Tiryoh · Tiryoh · Apr 6, 2026
diff --git a/SECURITY.md b/SECURITY.md
@@ -0,0 +1,35 @@
+# Security Policy
+
+## Supported Versions
+
+| Version | Supported          |
+| ------- | ------------------ |
+| latest  | :white_check_mark: |
+
+Only the latest release is supported with security updates.
+
+## Reporting a Vulnerability
+
+If you discover a security vulnerability in this project, please report it through [GitHub Security Advisories](https://github.com/Tiryoh/actions-mkdocs/security/advisories/new).
+
+### Before Reporting
+
+- **Search existing advisories** to ensure the issue has not already been reported.
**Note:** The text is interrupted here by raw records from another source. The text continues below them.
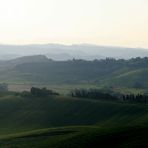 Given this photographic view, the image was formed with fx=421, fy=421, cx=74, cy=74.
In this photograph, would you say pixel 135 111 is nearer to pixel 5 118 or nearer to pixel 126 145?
pixel 5 118

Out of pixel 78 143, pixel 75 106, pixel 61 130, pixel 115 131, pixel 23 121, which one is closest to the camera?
pixel 78 143

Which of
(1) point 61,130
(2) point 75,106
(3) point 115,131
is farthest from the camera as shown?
(2) point 75,106

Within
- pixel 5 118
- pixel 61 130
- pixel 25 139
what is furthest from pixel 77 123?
pixel 25 139

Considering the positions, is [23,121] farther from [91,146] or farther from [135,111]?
[91,146]

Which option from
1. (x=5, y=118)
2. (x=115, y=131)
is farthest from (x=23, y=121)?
(x=115, y=131)

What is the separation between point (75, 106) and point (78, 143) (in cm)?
9289

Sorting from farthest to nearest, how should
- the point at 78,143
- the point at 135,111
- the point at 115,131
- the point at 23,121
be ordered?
1. the point at 23,121
2. the point at 135,111
3. the point at 115,131
4. the point at 78,143

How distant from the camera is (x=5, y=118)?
615 ft

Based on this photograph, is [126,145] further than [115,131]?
No

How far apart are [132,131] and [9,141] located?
35138mm

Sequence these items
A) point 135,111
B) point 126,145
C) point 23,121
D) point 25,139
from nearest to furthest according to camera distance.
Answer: point 126,145 < point 25,139 < point 135,111 < point 23,121

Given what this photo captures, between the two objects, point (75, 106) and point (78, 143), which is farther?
point (75, 106)

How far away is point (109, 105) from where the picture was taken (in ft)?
614

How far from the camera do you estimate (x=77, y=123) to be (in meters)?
175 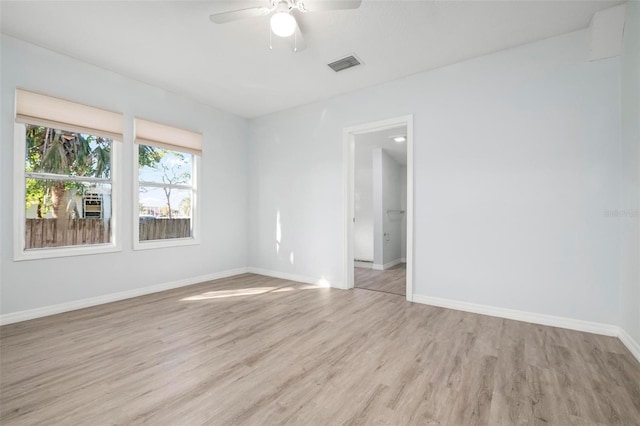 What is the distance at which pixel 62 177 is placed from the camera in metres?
3.21

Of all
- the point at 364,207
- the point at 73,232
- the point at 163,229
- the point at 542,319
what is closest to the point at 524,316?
the point at 542,319

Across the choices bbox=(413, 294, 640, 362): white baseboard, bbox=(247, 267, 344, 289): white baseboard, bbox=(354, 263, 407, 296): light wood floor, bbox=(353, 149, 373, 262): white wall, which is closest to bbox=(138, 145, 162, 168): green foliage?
bbox=(247, 267, 344, 289): white baseboard

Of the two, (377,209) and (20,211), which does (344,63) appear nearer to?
(377,209)

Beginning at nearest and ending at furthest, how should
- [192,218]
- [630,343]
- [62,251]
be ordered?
1. [630,343]
2. [62,251]
3. [192,218]

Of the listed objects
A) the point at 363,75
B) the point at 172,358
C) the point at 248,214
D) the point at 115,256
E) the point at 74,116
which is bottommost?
the point at 172,358

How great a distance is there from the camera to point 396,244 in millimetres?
6633

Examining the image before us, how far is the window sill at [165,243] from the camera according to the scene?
3.81 m

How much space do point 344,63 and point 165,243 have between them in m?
3.41

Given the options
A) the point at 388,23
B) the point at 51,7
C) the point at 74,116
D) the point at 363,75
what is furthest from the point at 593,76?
the point at 74,116

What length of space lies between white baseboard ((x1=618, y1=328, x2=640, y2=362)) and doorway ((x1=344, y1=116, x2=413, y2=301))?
2.07 metres

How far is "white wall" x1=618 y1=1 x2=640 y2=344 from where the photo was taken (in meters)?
2.19

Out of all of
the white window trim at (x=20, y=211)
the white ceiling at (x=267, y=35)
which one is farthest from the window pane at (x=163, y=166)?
the white window trim at (x=20, y=211)

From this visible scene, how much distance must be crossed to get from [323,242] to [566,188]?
2926 millimetres

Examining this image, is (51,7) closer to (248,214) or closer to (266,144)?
(266,144) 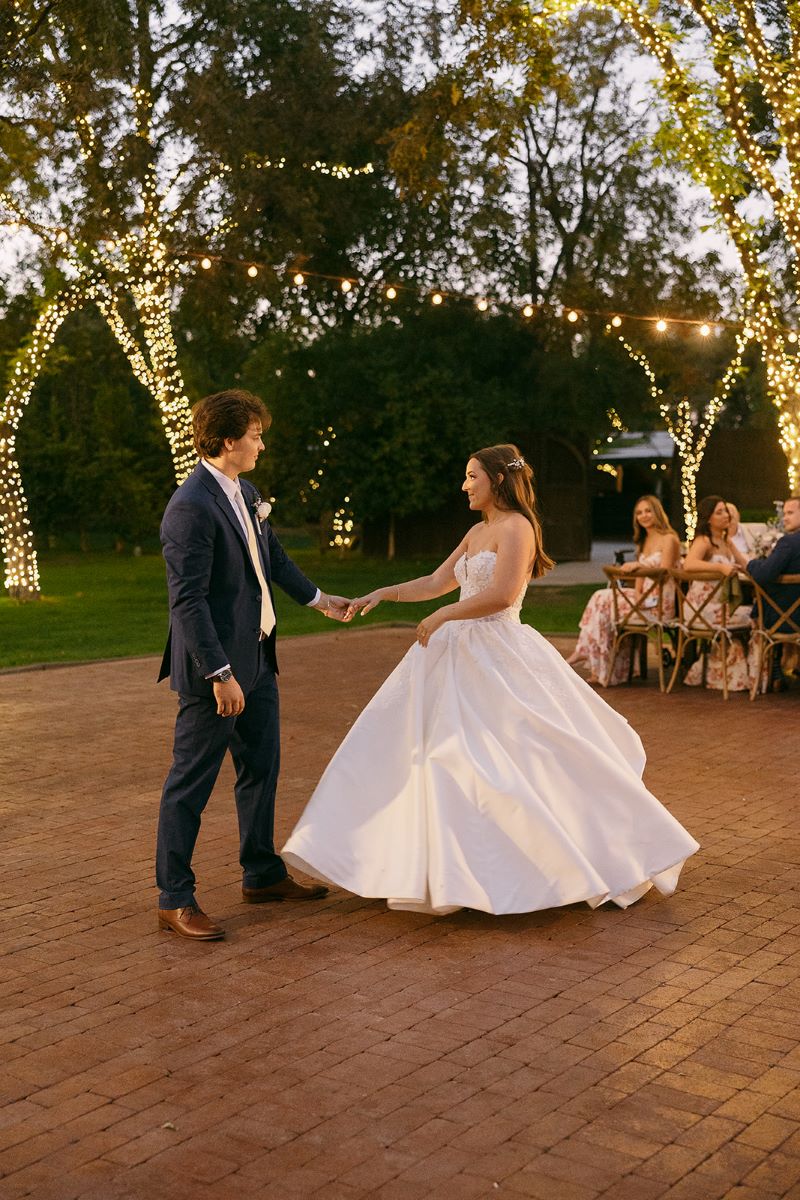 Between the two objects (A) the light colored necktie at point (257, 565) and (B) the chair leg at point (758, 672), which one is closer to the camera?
(A) the light colored necktie at point (257, 565)

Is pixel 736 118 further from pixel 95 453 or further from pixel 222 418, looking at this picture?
pixel 95 453

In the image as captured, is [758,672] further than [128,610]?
No

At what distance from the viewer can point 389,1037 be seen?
4.20m

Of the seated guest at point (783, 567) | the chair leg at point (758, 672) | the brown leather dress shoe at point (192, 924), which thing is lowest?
the brown leather dress shoe at point (192, 924)

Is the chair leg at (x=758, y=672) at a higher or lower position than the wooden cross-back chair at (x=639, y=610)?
lower

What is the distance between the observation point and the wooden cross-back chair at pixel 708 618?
1075 cm

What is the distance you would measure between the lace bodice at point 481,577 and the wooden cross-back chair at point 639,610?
506 centimetres

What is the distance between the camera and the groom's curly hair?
524cm

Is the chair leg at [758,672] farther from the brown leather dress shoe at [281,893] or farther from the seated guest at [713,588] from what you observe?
the brown leather dress shoe at [281,893]

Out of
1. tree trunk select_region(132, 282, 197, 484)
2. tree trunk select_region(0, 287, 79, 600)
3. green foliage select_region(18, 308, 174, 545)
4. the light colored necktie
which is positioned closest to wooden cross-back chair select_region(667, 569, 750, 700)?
the light colored necktie

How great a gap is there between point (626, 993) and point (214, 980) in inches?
53.4

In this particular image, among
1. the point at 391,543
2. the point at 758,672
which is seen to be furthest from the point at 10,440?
the point at 758,672

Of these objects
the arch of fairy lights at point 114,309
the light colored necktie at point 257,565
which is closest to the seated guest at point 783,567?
the light colored necktie at point 257,565

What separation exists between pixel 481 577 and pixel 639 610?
18.3ft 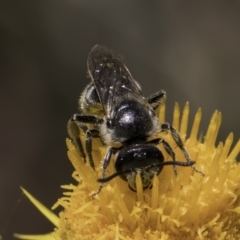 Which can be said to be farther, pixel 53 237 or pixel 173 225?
pixel 53 237

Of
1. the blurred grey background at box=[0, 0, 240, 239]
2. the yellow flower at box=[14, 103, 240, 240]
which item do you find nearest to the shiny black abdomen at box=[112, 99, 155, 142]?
the yellow flower at box=[14, 103, 240, 240]

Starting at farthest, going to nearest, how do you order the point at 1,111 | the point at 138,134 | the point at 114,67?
the point at 1,111
the point at 114,67
the point at 138,134

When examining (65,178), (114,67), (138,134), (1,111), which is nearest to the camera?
(138,134)

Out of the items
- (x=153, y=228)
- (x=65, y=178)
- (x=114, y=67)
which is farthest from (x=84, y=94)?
(x=65, y=178)

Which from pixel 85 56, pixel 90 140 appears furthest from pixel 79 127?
pixel 85 56

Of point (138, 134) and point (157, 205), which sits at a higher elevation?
point (138, 134)

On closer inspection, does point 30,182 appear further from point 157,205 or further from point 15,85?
point 157,205

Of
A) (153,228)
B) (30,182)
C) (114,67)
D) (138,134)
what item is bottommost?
(30,182)

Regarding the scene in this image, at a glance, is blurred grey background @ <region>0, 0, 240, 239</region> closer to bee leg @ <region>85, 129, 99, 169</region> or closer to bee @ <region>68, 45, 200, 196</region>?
bee @ <region>68, 45, 200, 196</region> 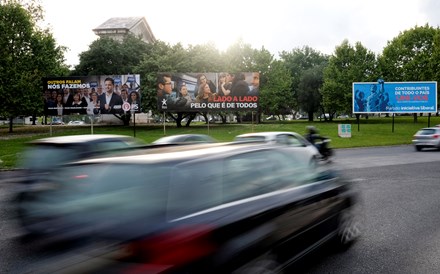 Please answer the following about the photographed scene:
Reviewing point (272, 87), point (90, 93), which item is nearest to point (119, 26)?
point (272, 87)

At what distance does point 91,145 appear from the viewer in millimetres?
6848

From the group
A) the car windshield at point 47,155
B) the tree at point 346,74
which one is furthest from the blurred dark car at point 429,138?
the tree at point 346,74

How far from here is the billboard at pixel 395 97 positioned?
37.9 metres

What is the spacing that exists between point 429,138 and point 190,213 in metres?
22.5

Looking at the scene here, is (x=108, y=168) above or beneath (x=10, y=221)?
above

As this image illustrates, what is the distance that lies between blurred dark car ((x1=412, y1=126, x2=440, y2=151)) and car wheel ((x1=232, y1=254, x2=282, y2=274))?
21521 millimetres

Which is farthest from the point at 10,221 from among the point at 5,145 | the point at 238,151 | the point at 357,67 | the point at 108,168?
the point at 357,67

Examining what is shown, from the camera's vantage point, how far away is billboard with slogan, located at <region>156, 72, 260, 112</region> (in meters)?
33.5

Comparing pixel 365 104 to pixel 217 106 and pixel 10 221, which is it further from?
pixel 10 221

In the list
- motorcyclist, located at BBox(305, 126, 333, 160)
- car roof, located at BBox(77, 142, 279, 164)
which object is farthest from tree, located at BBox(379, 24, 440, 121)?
car roof, located at BBox(77, 142, 279, 164)

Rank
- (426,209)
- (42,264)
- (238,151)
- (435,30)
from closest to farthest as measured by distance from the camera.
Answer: (42,264), (238,151), (426,209), (435,30)

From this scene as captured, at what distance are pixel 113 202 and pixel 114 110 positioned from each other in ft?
104

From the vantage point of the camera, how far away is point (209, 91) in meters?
33.8

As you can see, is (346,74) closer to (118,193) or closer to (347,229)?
(347,229) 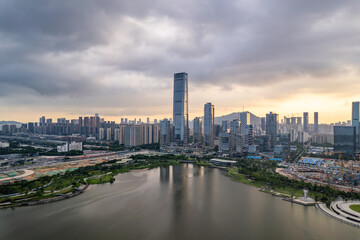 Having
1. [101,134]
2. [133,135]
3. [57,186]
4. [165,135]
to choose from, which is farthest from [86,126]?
[57,186]

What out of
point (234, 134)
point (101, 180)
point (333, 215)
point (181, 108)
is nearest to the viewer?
point (333, 215)

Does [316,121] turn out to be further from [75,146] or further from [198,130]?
[75,146]

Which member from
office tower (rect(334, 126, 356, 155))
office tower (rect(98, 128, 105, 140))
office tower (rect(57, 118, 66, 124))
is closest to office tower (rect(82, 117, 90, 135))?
office tower (rect(98, 128, 105, 140))

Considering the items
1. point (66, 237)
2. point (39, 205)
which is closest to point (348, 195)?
point (66, 237)

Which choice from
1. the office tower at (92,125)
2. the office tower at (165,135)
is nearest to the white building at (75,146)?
the office tower at (165,135)

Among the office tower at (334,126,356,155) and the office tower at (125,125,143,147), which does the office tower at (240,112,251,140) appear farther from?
the office tower at (125,125,143,147)

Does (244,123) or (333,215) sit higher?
(244,123)

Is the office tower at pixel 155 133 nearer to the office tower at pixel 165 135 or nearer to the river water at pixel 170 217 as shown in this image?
the office tower at pixel 165 135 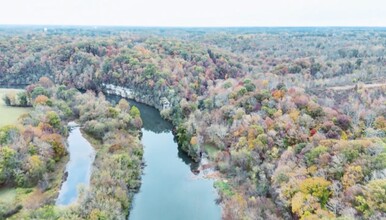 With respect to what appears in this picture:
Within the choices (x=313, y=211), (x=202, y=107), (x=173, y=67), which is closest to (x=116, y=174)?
(x=313, y=211)

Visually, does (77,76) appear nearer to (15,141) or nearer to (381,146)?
(15,141)

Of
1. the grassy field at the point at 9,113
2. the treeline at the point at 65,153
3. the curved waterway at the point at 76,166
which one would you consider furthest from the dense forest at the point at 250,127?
the grassy field at the point at 9,113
+- **Verify the vulnerability** by providing a clear proof of concept or reproduction steps.
+- **One report per vulnerability** — please do not submit multiple reports for the same or closely related issues.
+
+### What to Include
+
+- A clear description of the vulnerability
+- Steps to reproduce the issue
+- The potential impact
+- Suggested fix (if any)
+
+### What to Expect
+
+- If you do not receive any response within 3 days, please open a public issue to let us know that you have submitted a security advisory. Do not include vulnerability details in the issue — just notify us that a report is pending.
+- Duplicate, AI-generated, or low-quality reports without a valid proof of concept may be closed without further response.
+
+## Scope
+
+This security policy covers the `actions-mkdocs` GitHub Action itself. Vulnerabilities in upstream dependencies (e.g., MkDocs, mkdocs-material) should be reported to their respective projects.